A group of scientists has dramatically improved the way of simulating the evolution of systems of molecules over time. The new method is based on machine learning.

Elina Holmgren Tyskling
Elina Holmgren Tyskling

The deep potential is a method developed by a group of scientists at Princeton University and universities in China a few years ago. The new method granted the research team the Gordon Bell prize last year. It is believed that it will radically improve the science of studying systems of particles and pave the way for new features in supercomputers. And just recently, it was used to simulate water molecules going through a range of pressure.

Studying systems of molecules is crucial to understand, for example, viruses. There is a need for simulations of how molecules and atoms behave during a fixed time in many fields. Traditionally, the way to do this has been to use two different methods: "standard molecular dynamics," and the other is derived from quantum mechanics and is called "ab initio molecular dynamics." The latter exceeds the former in the amount of accuracy, but the former exceeds in the sizes it can handle.

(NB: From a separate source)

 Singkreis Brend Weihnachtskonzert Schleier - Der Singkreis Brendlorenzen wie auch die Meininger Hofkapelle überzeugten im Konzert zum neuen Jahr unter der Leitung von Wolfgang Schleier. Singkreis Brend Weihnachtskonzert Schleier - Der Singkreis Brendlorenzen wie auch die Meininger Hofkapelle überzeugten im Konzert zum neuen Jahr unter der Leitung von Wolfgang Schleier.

Mapping systems of particles is extremely difficult because computing the movement of every single atom takes a tremendous amount of time and computer power, and complex math formulas. The "ab initio molecular dynamics” can handle the evolution of 1000 atoms during a few picoseconds in a day of simulation on a supercomputer, which is a very, very short time.

The group of scientists came up with a smarter way and created an open-source. They called the new method "deep potential molecular dynamics." It works by letting an AI calculating the movements in a simpler system and then transfer that knowledge into a more complex one. Once the AI has learned how the system evolves, it can accurately describe the evolution of the system without having to solve the complicated formulas of quantum mechanics at each point in time. Β 

To test the new method, they leveraged the supercomputer IBM Summit. Instead of thousands of atoms, the improved method can simulate 1 nanosecond of 100 million atoms every day. In other words- a significant improvement.

Simulating water

Roberto Car, a professor in chemistry and one of the scientists behind the method, writes in an email that the neural network, or AI, becomes like a black box, where no real input is needed from the user. And thus, the method saves a lot of time.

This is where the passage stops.